Je reviendrai tout d'abord sur le communiqué ministériel annonçant que 60 heures de formation annuelle des AESH seraient dispensées. En réalité, ce sont 60 heures de formation avant la prise de poste sont prévues par les discussions avec le ministère. Nous estimons cela très insuffisant puisque les AESH déjà en poste n'en bénéficieraient pas et que seuls les nouveaux recrutés non titulaires du diplôme d'État d'accompagnant éducatif et social (DAES) ou qui ont déjà travaillé seraient concernés. Il me semble, qu'en tant que députés, vous serez à même de poser la question au ministère puisque l'ambiguïté persiste entre 60 heures de formation pour tous ou seulement dispensées avant la prise de poste.

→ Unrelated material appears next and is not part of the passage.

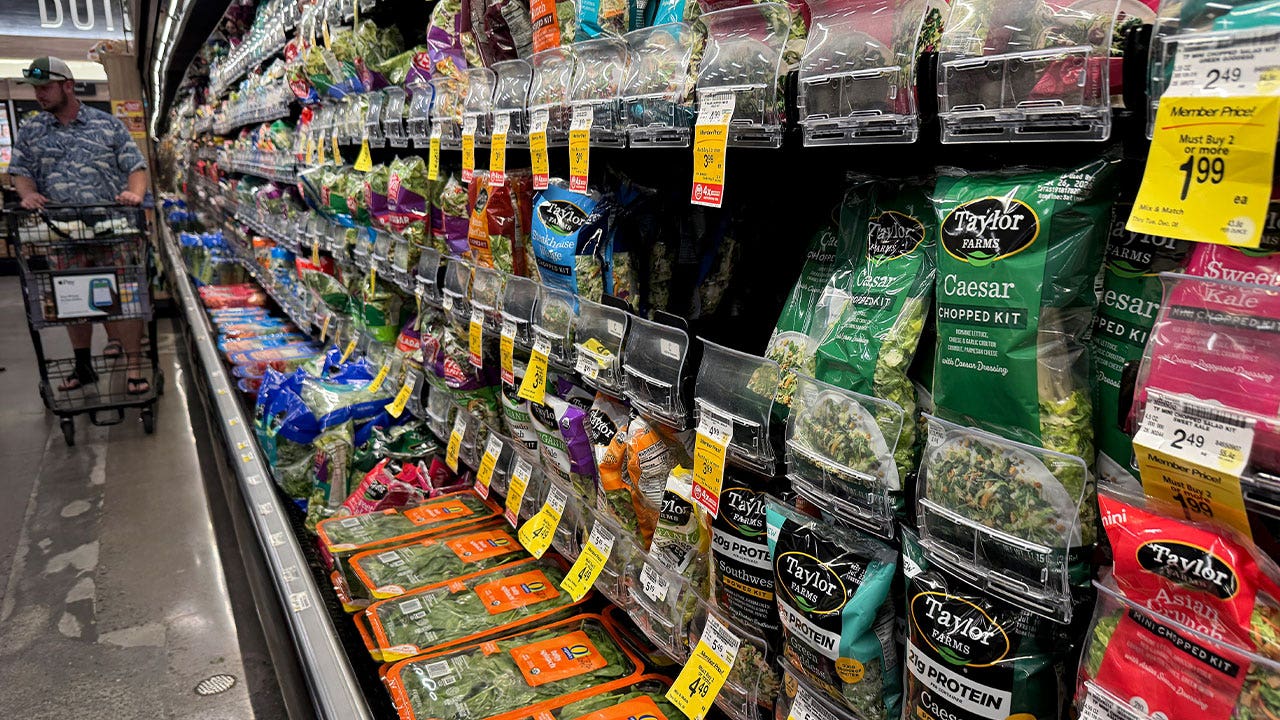 FDA says Taylor Farms Cyclospora lettuce test was a false positive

Pour ce qui concerne l'amélioration des relations entre enseignants et AESH, la question de la formation des enseignants est primordiale. Or nous pouvons témoigner qu'ils ne sont jamais formés au fait qu'il y a des élèves en situation de handicap et qu'ils sont très peu formés au travail en équipe avec les personnels qui ont d'autres missions, notamment les accompagnants d'élèves handicapés. Pour notre part, nous militons pour une formation des enseignants en deux ans après la réussite au concours. Il s'agit de donner plus de temps à l'ensemble de ces domaines, car il ne s'agit pas de surcharger la formation des stagiaires, qui est aujourd'hui mise en difficulté.

Nous militons encore pour la formation des accompagnants après le concours, car je rappelle que nous réclamons un statut de fonctionnaire pour ces personnels. Cette formation pourrait ainsi être dispensée dans ce qui doit être créé, c'est-à-dire des écoles supérieures non pas de professeurs d'éducation, mais de personnels ou de professionnels de l'éducation. Réunir dans le même lieu les enseignants et les accompagnants changera évidemment la façon dont chacun apprendra à travailler avec les autres. Cela nécessitera beaucoup de moyens, car nous ne sommes pas dupes : la suppression de la formation des enseignants a tout d'abord été considérée sous un angle strictement budgétaire.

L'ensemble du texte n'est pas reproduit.